From the N11 off-ramp, the N4 goes eastwards for 57 kilometres to meet the R33 road, which provides access to the town of Belfast (eMakhazeni) just to the north. At 264 km long, the section of the N4 from the Marikana Toll Plaza to Wonderfontein (just before eMakhazeni) is the second longest stretch of dual-carriageway freeway in South Africa (after the 265 km dual-carriageway freeway section of the N1 between the Vaal Toll Plaza and Modimolle). From eMakhazeni, the N4 continues eastwards for 22 kilometres to Machadodorp (eNtokozweni), where it meets the R36 route and crosses the Elands River. The R36 joins the N4 and they are cosigned north-east for 8 kilometres, with the Machado Toll Plaza on this stretch, before the R36 becomes its own road northwards. The N4 continues eastwards for 100 kilometres, through Waterval Boven (Emgwenya; where there is a short tunnel), Waterval Onder, Ngodwana and Alkmaar, to enter the city of Nelspruit (Mbombela). It is followed by the Crocodile River from the R539 (Schoemanskloof Pass) junction about 16 kilometres after Ngodwana.

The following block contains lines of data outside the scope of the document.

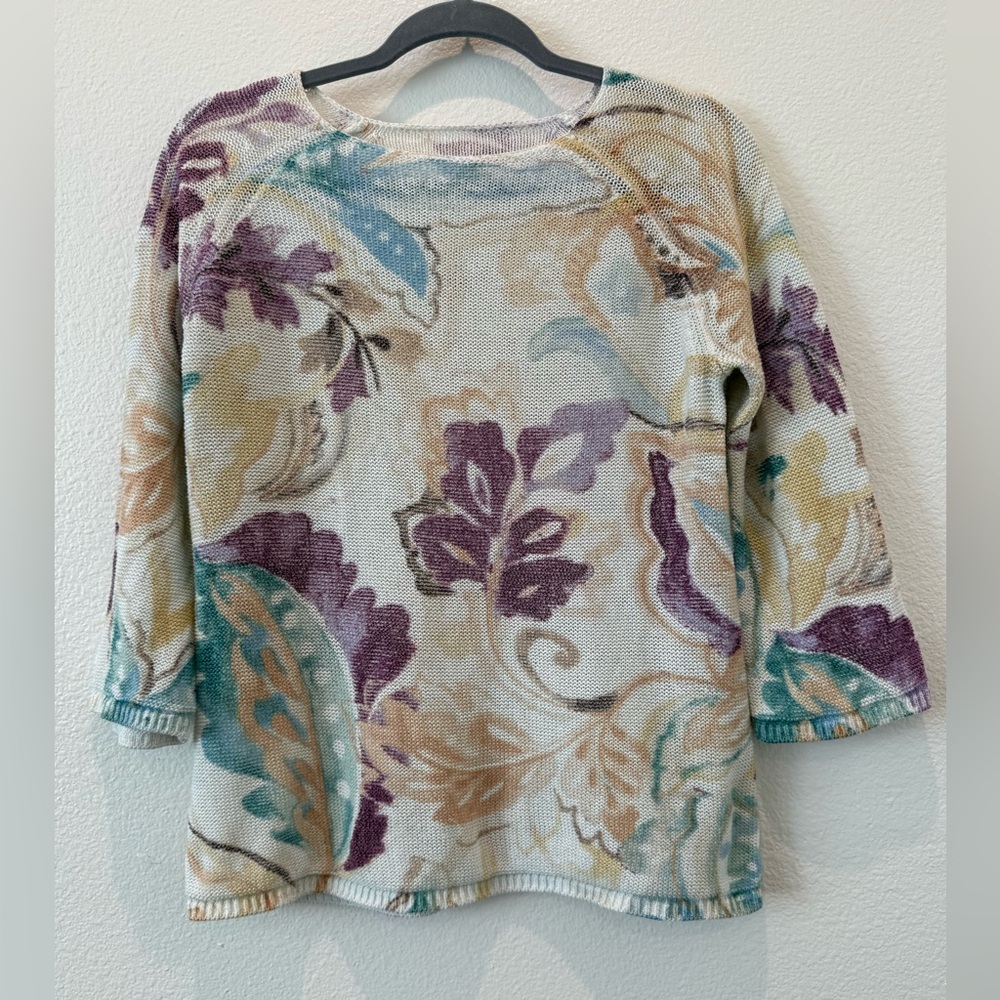 Chico's cotton blend knit sweater spring floral size M preloved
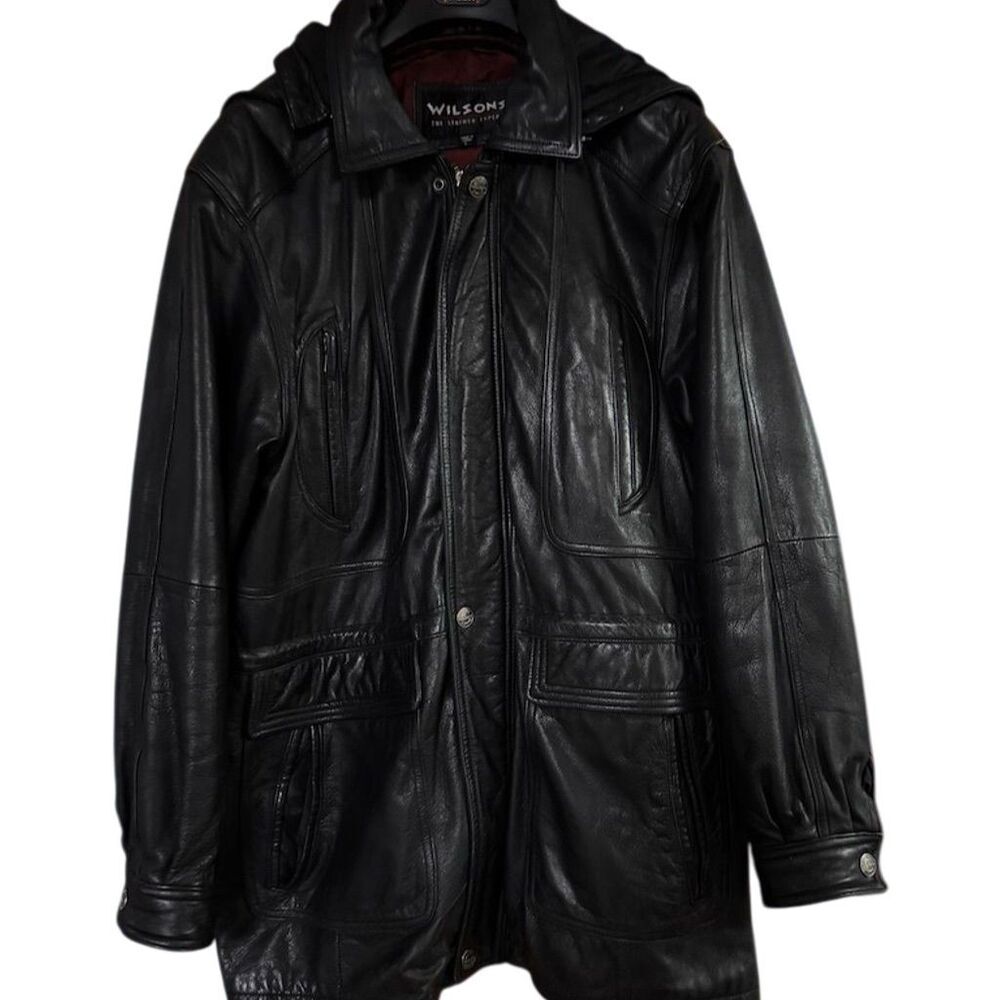 Vintage Wilson's Leather Men's Black Jacket Size L Mid-Length Casual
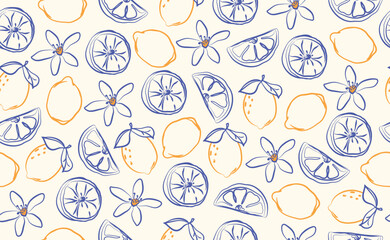 Whimsical hand drawn italian lemon seamless pattern. Blue, yellow summer print. Italy citrus floral sketch. Fruit background for wedding, packaging, fabric, wrapping paper. Trendy vector illustration.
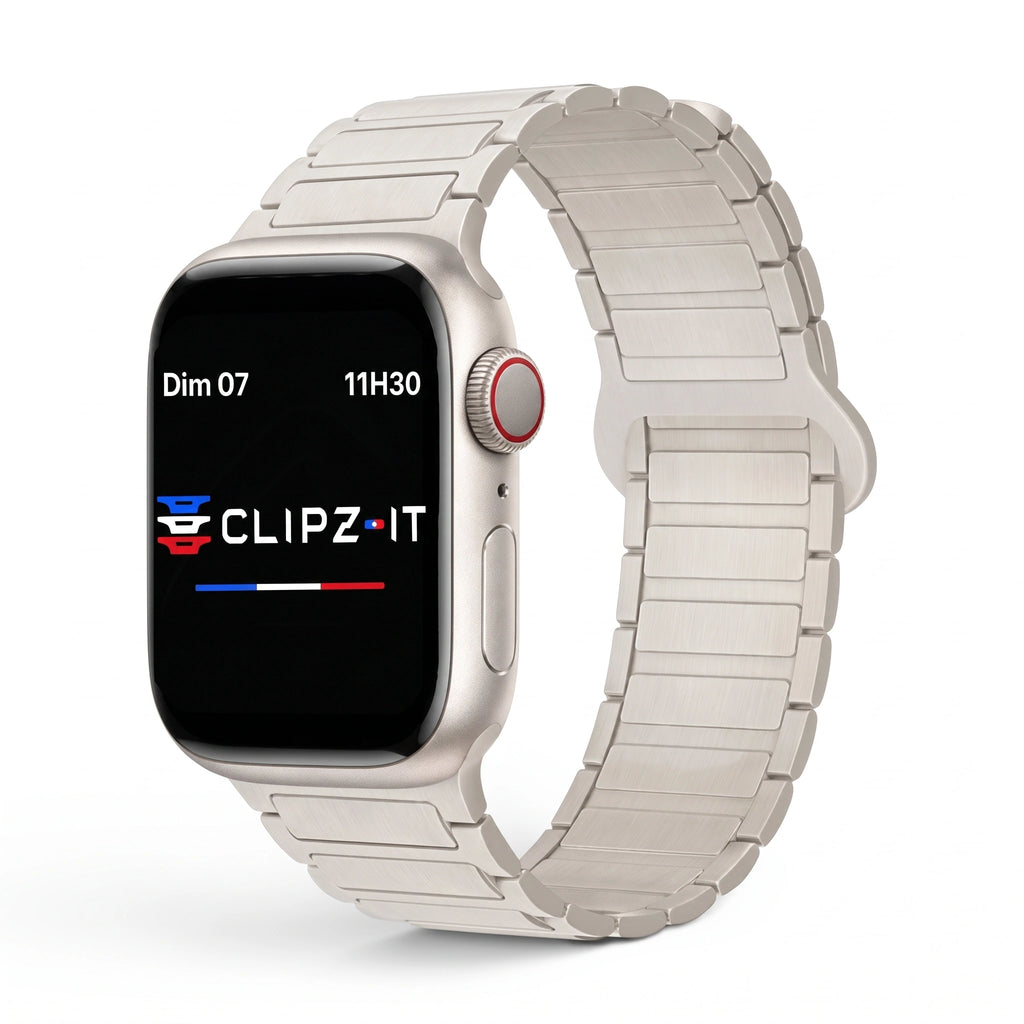 Řemínek Sofia silikonový krémový, pohled zepředu - Apple Watch | Clipz-it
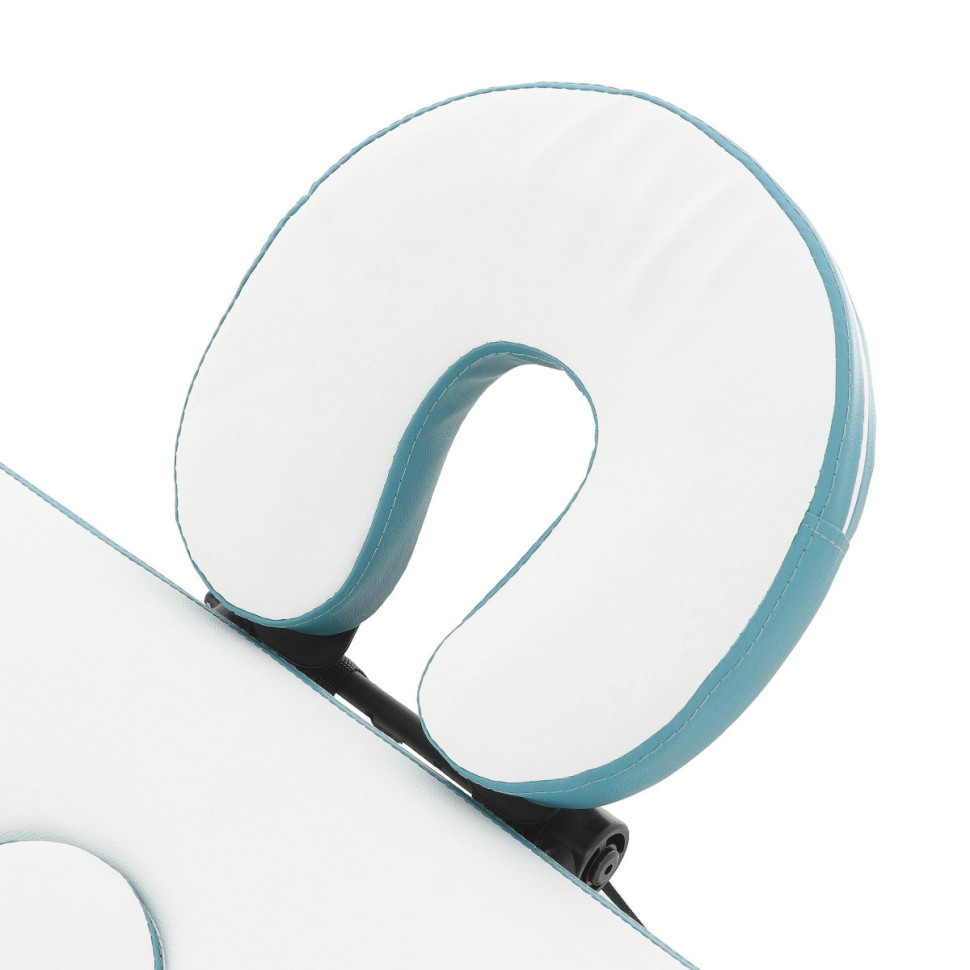 Массажный стол складной MED-MOS JFAL01A 3-х секционный, алюминиевая рама, белый-голубой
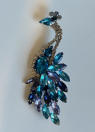 Rhinestone Peacock Brooch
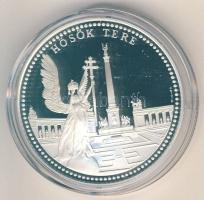 DN "Budapest nevezetességei-Hősök tere" Ag emlékérem 31,104g (1oz) T:PP Díszdobozban, tanúsítvánnyal!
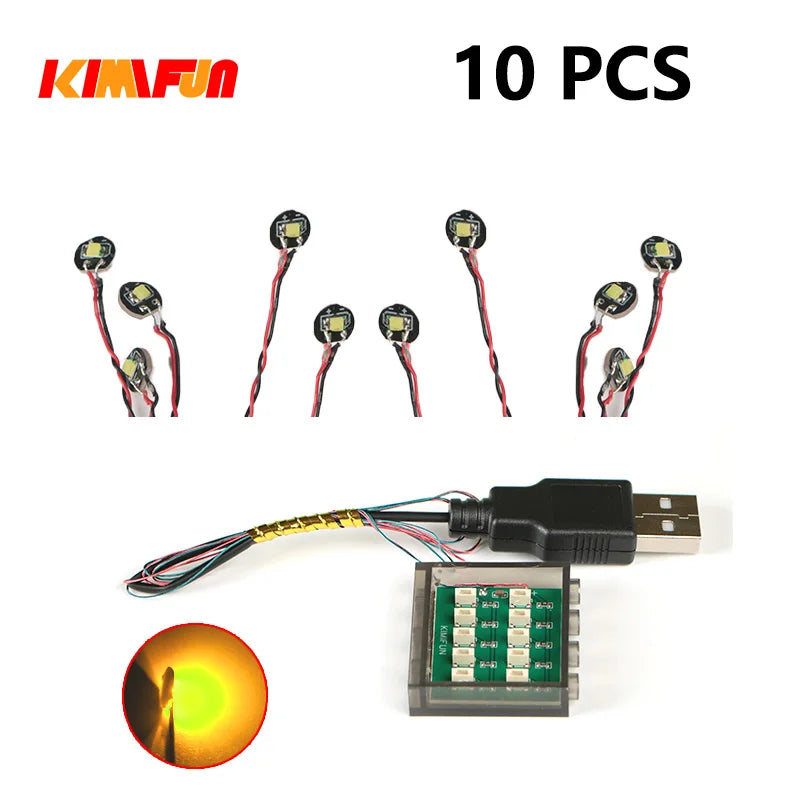 10PCS 0.8mm Pin RGB LED Building Blocks USB Lamp DIY Street Light City Electric Decorate 1X1 Brick Toy Compatible All Brands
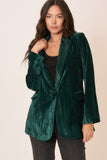 Crushed Velvet Blazer, Hunter Green (S, L, 3x)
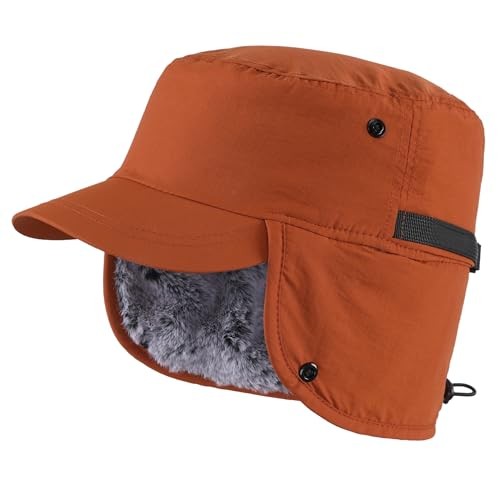 Men's Winter Hat with Visor Warm Earflaps Hat Fully Lined Faux Fur Baseball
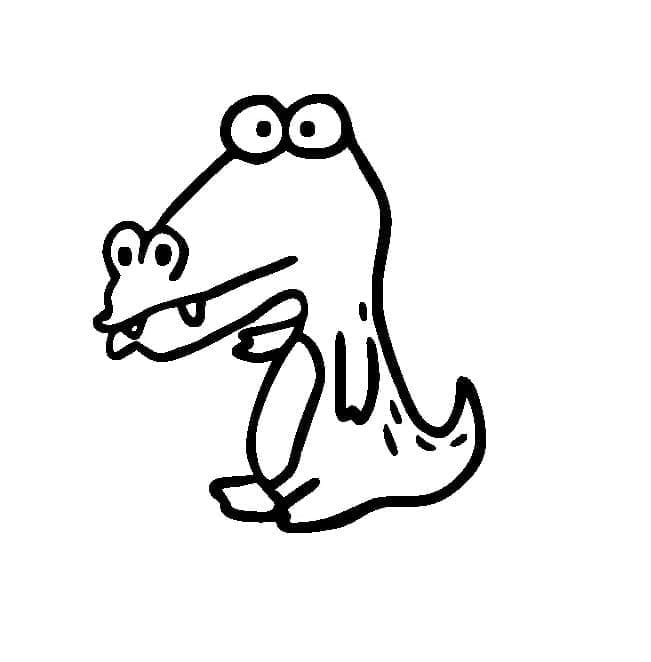 Målarbild Tecknad Krokodil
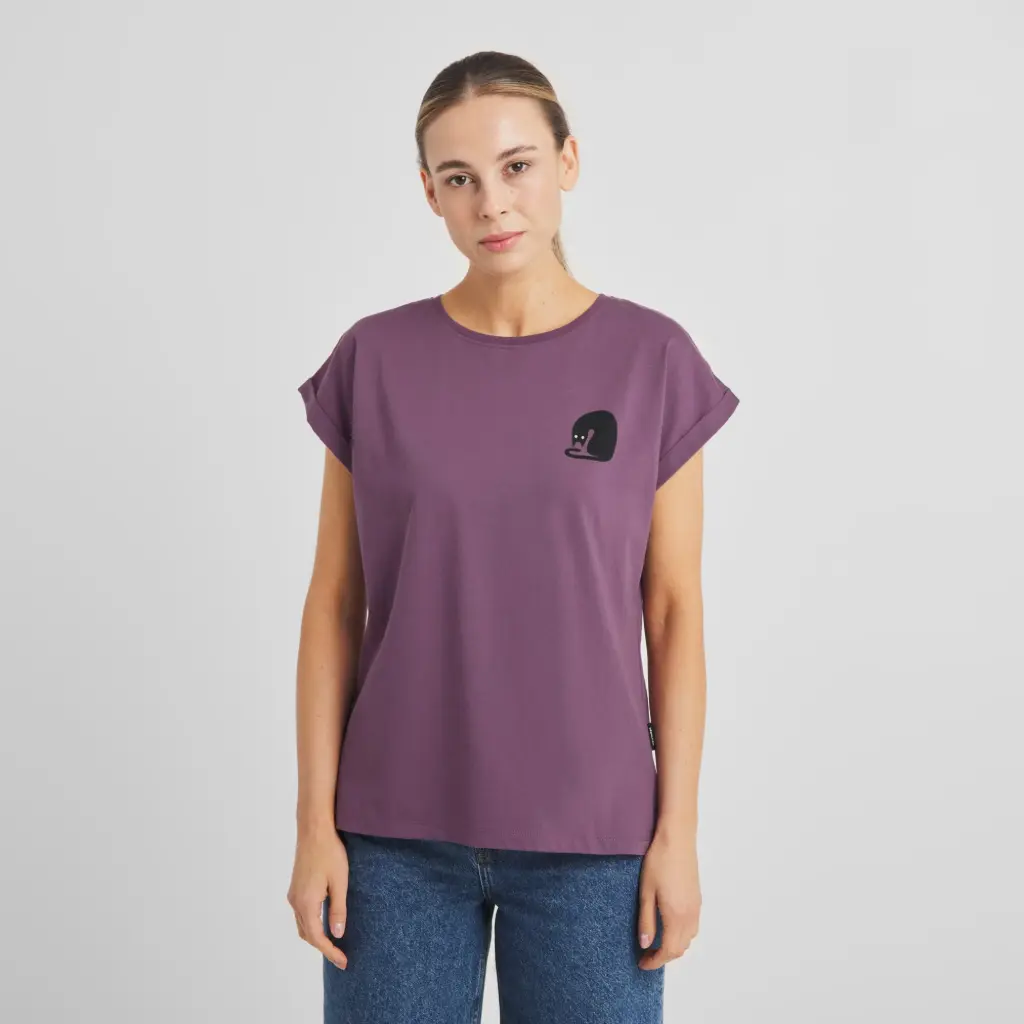 DEDICATED || Tee-shirt Visby Curious Cat – Berry Purple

As the old road through Nelspruit Central is designated as the R104 (Samora Machel Drive), the N4 bypasses the city to the north on a newer highway (opened on 13 June 2010), crossing to the northern side of the parallel Crocodile River, passing by Riverside (where it meets the R37) and through the Lowveld National Botanical Garden, before joining the old alignment east of the city and crossing back to the south of the Crocodile River. From Mbombela, the N4 continues eastwards for 100 kilometres, following the Crocodile River (which makes up the entire southern border of the Kruger National Park), meeting the north-eastern terminus of the R38 road at Kaapmuiden and passing by the Nkomazi Toll Plaza just east of Kaapmuiden, through Malalane, to reach the Lebombo Border Post with Mozambique at Komatipoort, where it crosses the Komati River and becomes the EN4 road which provides access to Maputo, the capital city of Mozambique (90 kilometres away). The border settlement on the Mozambique side is named Ressano Garcia.

== Alternative Route ==
The section from Rustenburg through Pretoria, Bronkhorstspruit, Witbank and Middelburg to Wonderfontein (approximately 50 km east of Middelburg) has a route running parallel to it, namely the R104 route. It passes through the town centres of every town while the N4 highway bypasses every town between Rustenburg and Wonderfontein. Only the alternative route between Witbank and Middelburg has a different designation (it forms part of the R555 route rather than the R104). The R104 can be used to avoid the tollgates located on the N4 highway between the mentioned towns.

As there is now a northern bypass in Mbombela (Nelspruit; opened on 13 June 2010), the old route through the city centre (Samora Machel Drive; 17 km) has also been re-designated as the R104.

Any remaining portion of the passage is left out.